So many of us have felt estranged in the last two years – estranged from ourselves and from some of those we’ve been close to. We’ve been isolated, in hiding and out of rhythm. But as 2022 begins, it’s time to shake off the cloak of fear and dysfunction. God made us to live in health and is calling us to return to that person he made us to be. 

Richard Rohr describes the internal conflict we may feel between who we are and the version of ourselves that we’ve become: “This person God wills us to be is not a predetermined, static mold to which we must conform. Rather, it is our true self; that is, a secret self hidden in and one with the divine freedom. 

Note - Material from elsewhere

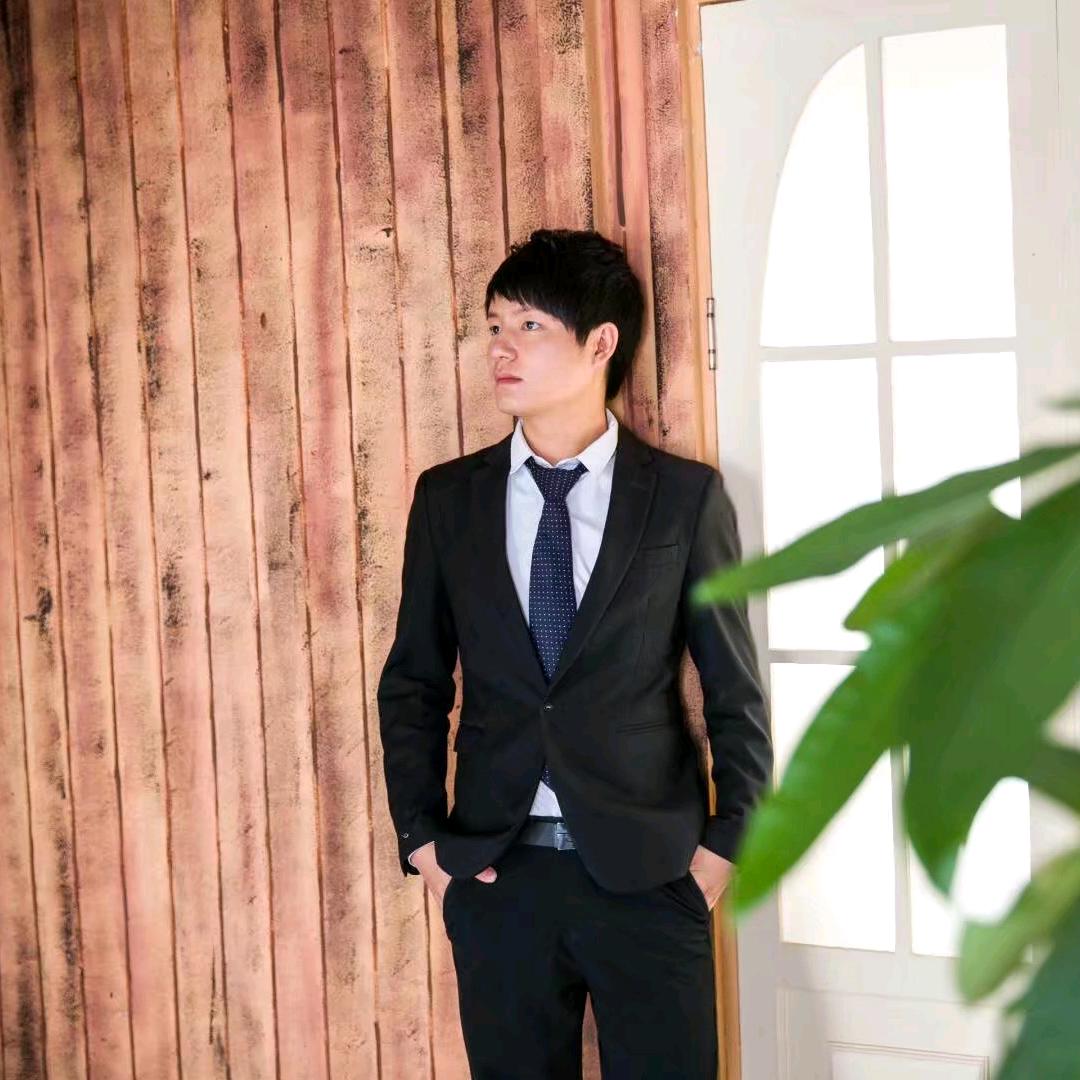 ☞陳酒問歲月，長風答山河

Phrased differently, we can say that God cannot hear the prayer of someone who does not exist. The [false] self constructed of ideologies and social principles, the self that defines itself and proclaims its own worthiness is most unworthy of the claim to reality before God.”

The 1963 march on Washington

Frederick Buechner tells a story that beautifully describes what it is like to rediscover ourselves. 

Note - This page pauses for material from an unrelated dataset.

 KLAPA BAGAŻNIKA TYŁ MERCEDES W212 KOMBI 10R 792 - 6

In 1963 I went on that famous March on Washington, and the clearest memory I have of it is standing near the Lincoln Memorial hearing the song “We Shall Overcome” sung by the quarter of a million or so people who were there. And while I listened, my eye fell on one very old Black man, with a face like shoe leather and a sleazy suit and an expression that was more befuddled than anything else; and I wondered to my self if, quite apart from the whole civil-rights question, that poor old bird could ever conceivably overcome anything.

He was there to become a human being. Well, and so were the rest of us. And so are we all, no less befuddled than he when you come right down to it. Poor old bird, poor young birds, every one of us. And deep in my heart I do believe we shall overcome some day, as he will, by God’s grace, by helping the seed of the kingdom grow in ourselves and in each other until finally in all of us it becomes a tree where the birds of the air can come and make their nests in our branches. That is all that matters really.

Becoming truly human

This other war is the war not to conquer, but the war to become whole and at peace inside our skins. It is a war not of conquest, but of liberation, because the object of this other war is to liberate that dimension of selfhood that involves the capacity to forgive and to will the good not only of the self but of all other selves.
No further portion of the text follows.